● **GIVEN DATA**
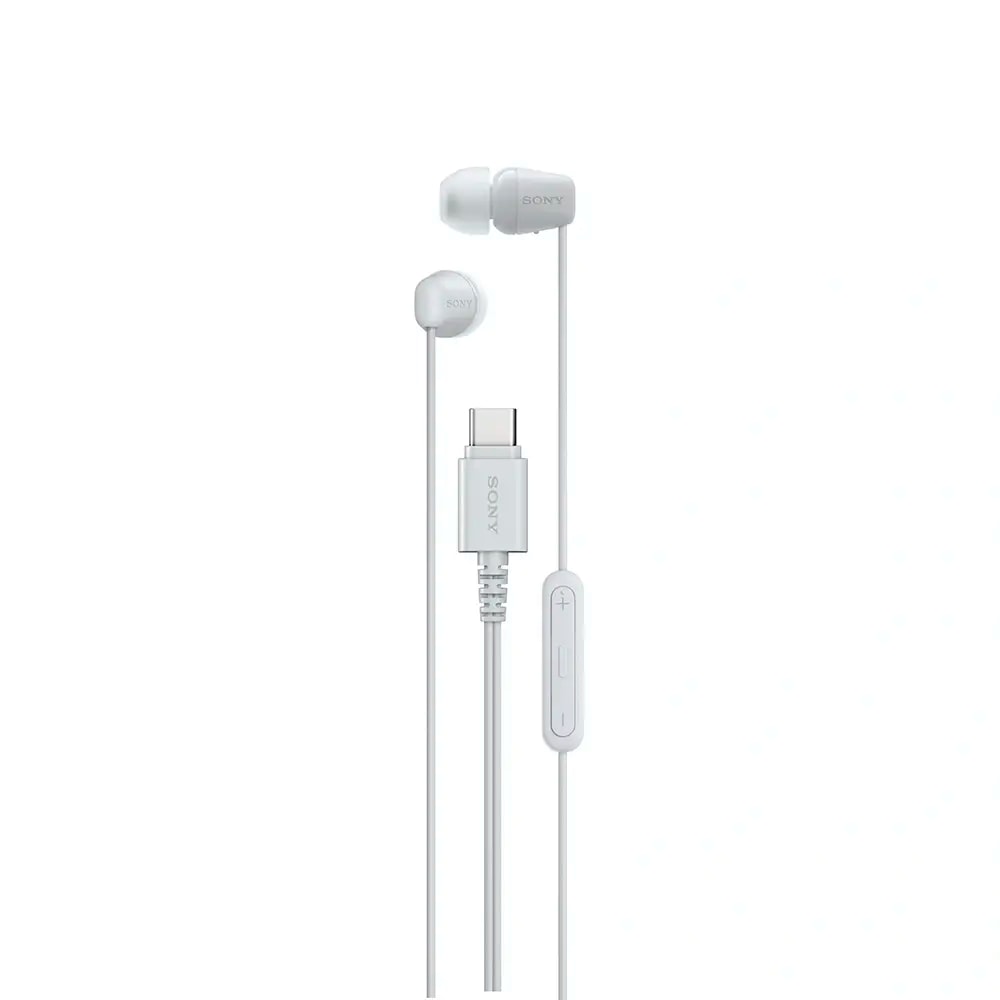 Auriculares Sony IER-EX15C USB-C Brancos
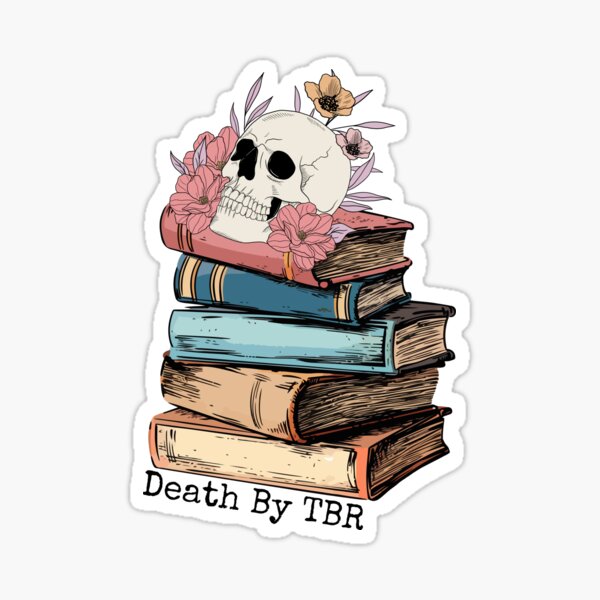 Item preview, Death by TBR designed and sold by LibraryCore.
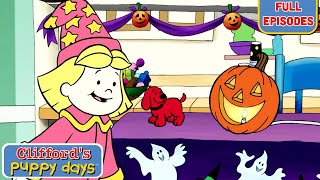 🎃 SpookTastic Full Episodes  Cliffords Puppy Days [upl. by Anyotal525]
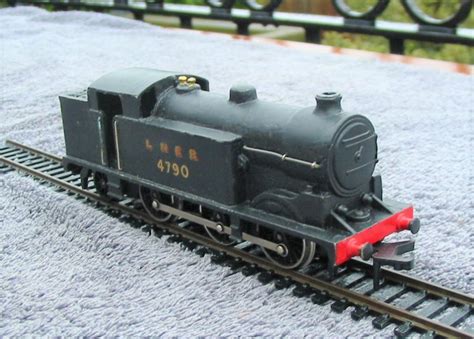 Hornby Dublowrenn 0 6 2 Class N2 Black Lner 4790 Nice Smooth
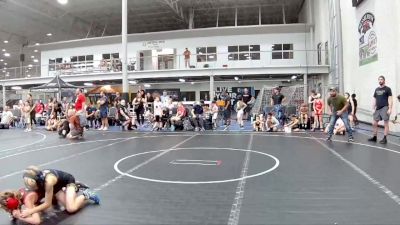 60 lbs Placement (4 Team) - Ash Henecker, RedNose Wrestling vs Logan Palermo, New England Gold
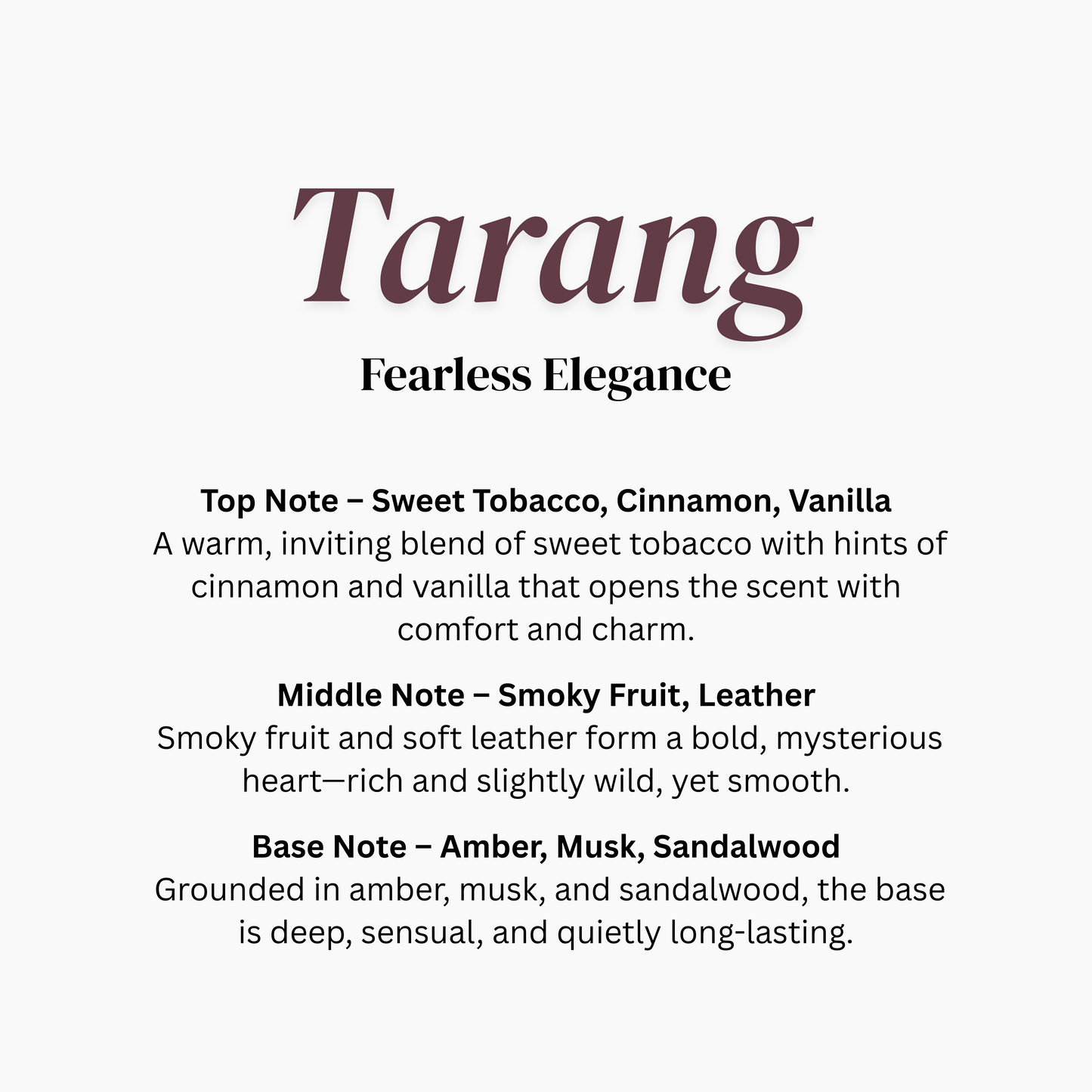 Tarang Solid Perfume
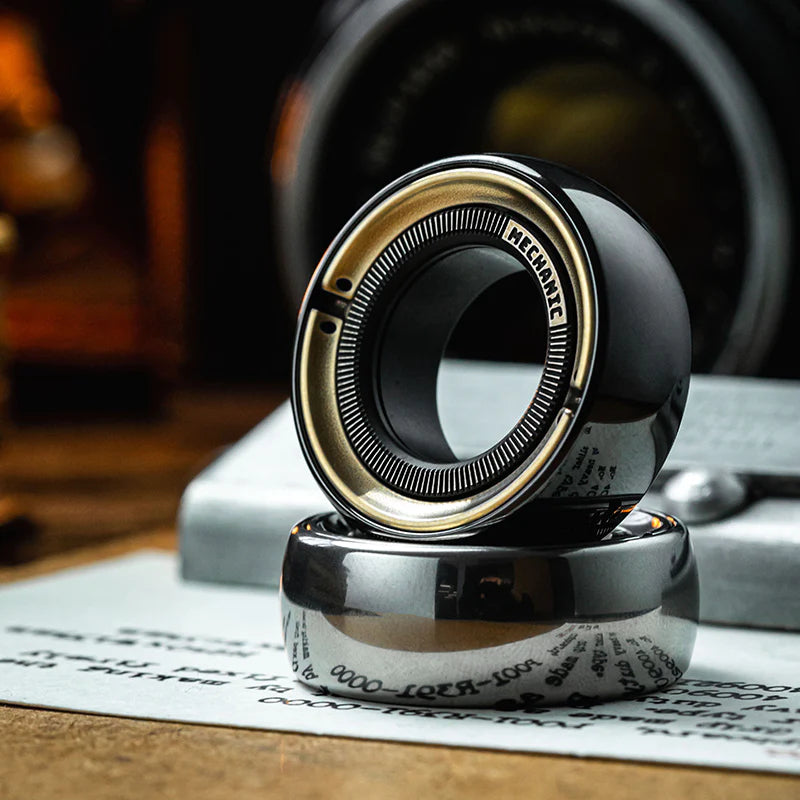 Mechanic-C Spy Wars Series Ring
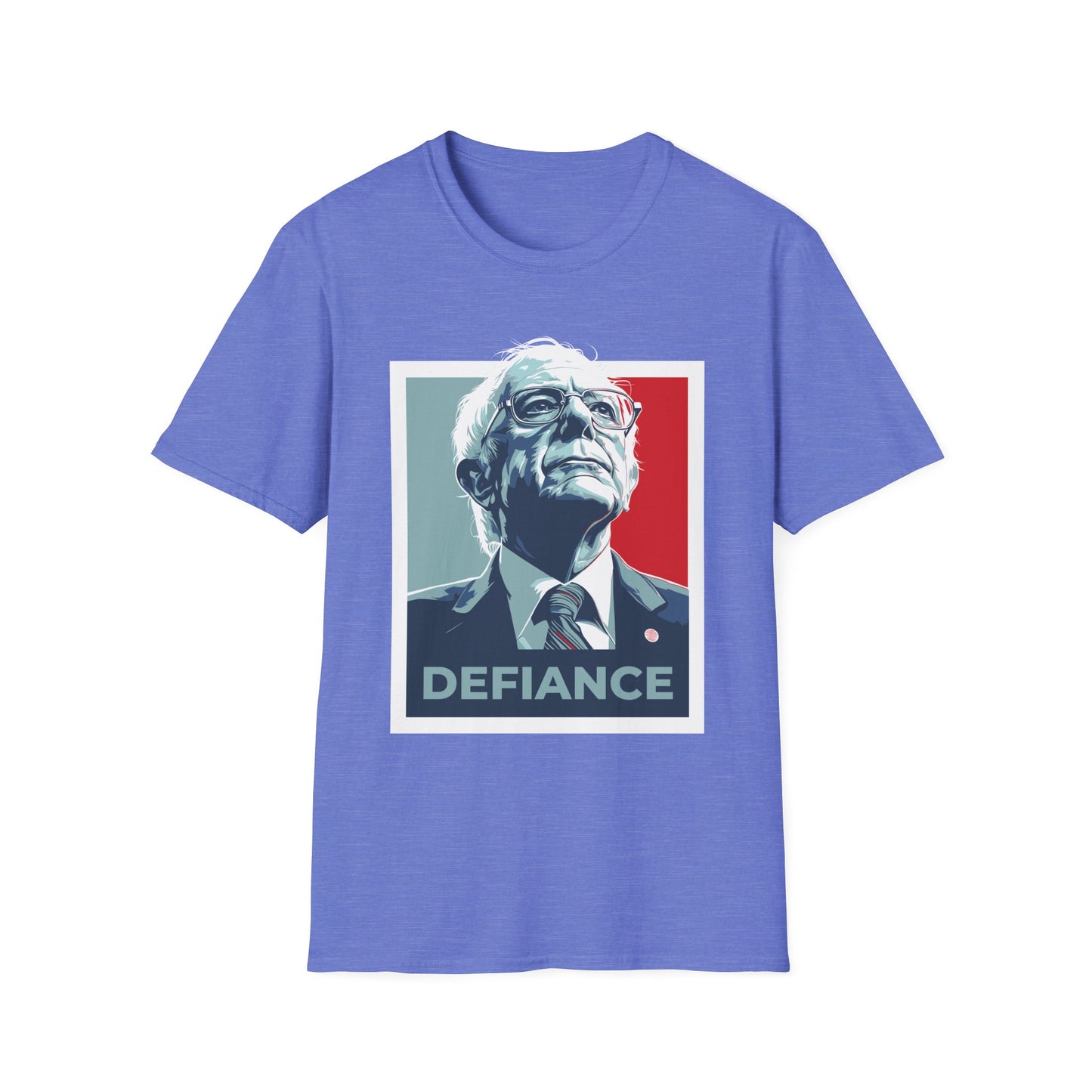 Bernie Sanders Defiance - T-Shirt - Free Oppression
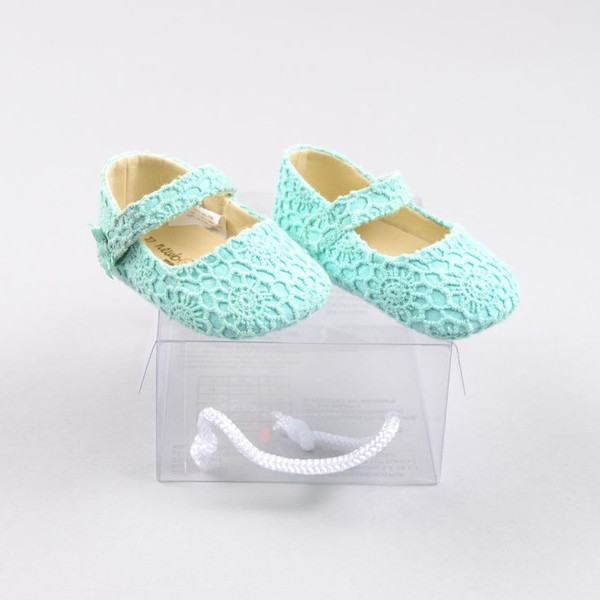 Jade Crochet Sandals 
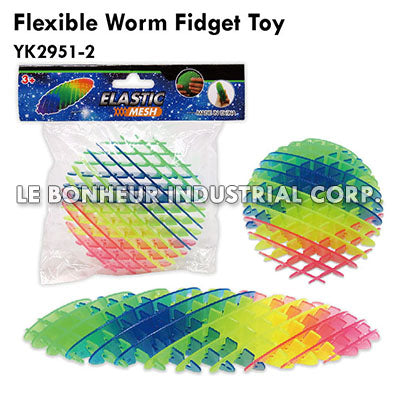 Flexible Worm Fidget Toy
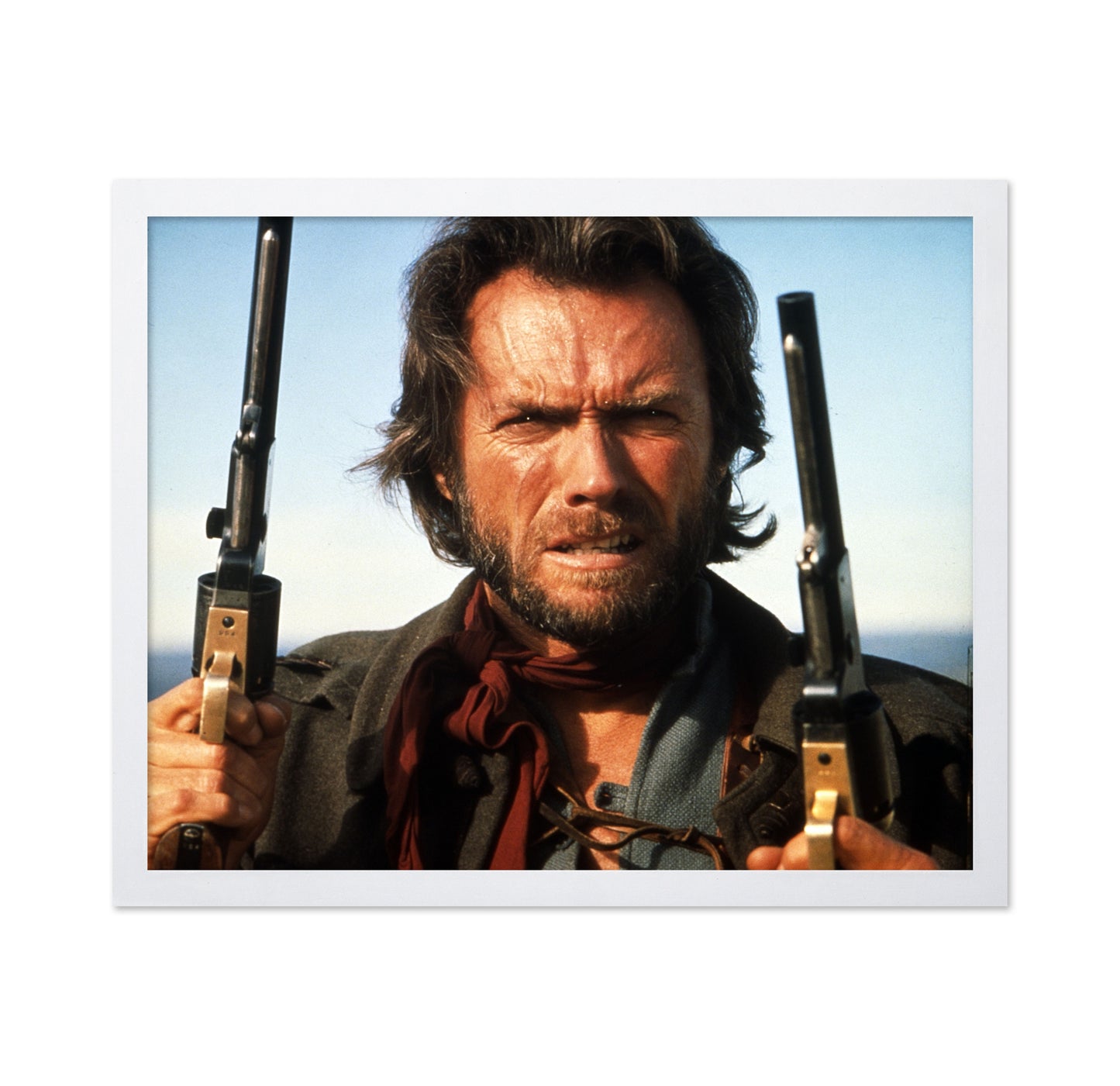 The Outlaw Josey Wales 1976 Clint Eastwood No1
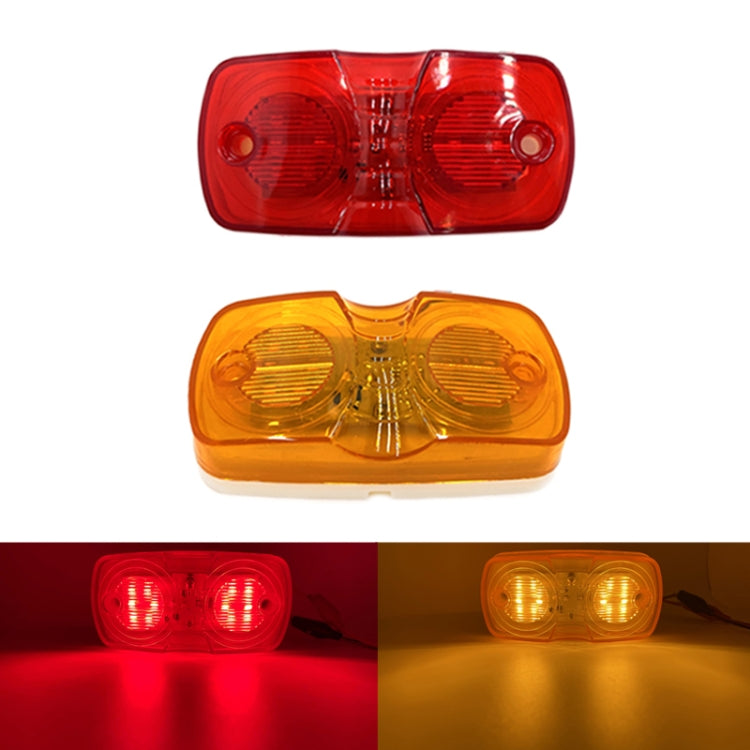 2pcs MK-106 Truck 12LEDs Side Marker Light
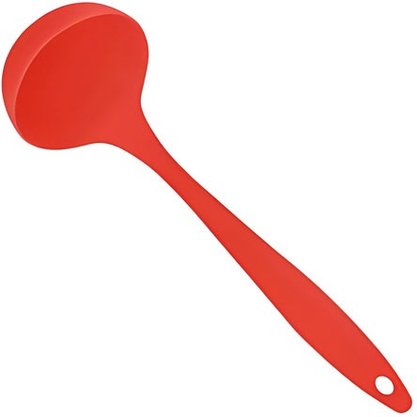 Concha Silicone Vermelha 28cm Wellmix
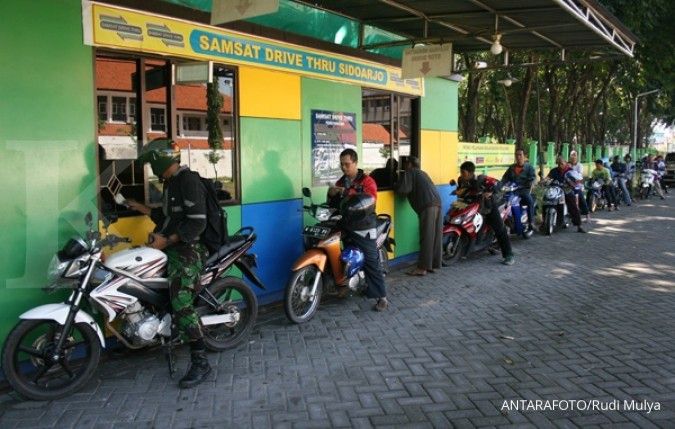 Tunggakan pajak kendaraan di Jakarta Rp 1,88 T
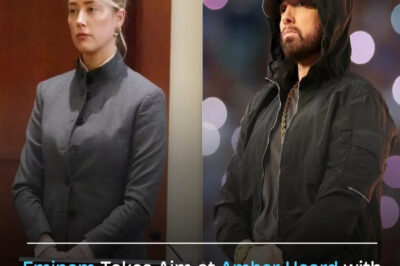 Eminem Takes Aim at Amber Heard with Savage Punchline, References Shocking Moment from Johnny Depp Trial
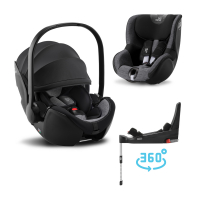 Britax Römer 5Z MODULAR SYSTEM SET Graphite Marble 2023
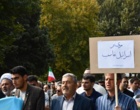 تجمع دانشگاهیان دانشگاه ارومیه در حمایت از مردم مظلوم فلسطین و محکومیت جنایت رژیم غاصب صهیونیستی (+فیلم)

● **PROBLEM TO SOLVE**
Reproduce, word for word, only the lines in the records above from the line with "Tunggakan pajak kendaraan" through the line with "Britax Römer 5Z", including both ends; omit the pictures.

● **PROBLEM SOLUTION**
 Tunggakan pajak kendaraan di Jakarta Rp 1,88 T
 Eminem Takes Aim at Amber Heard with Savage Punchline, References Shocking Moment from Johnny Depp Trial
 Britax Römer 5Z MODULAR SYSTEM SET Graphite Marble 2023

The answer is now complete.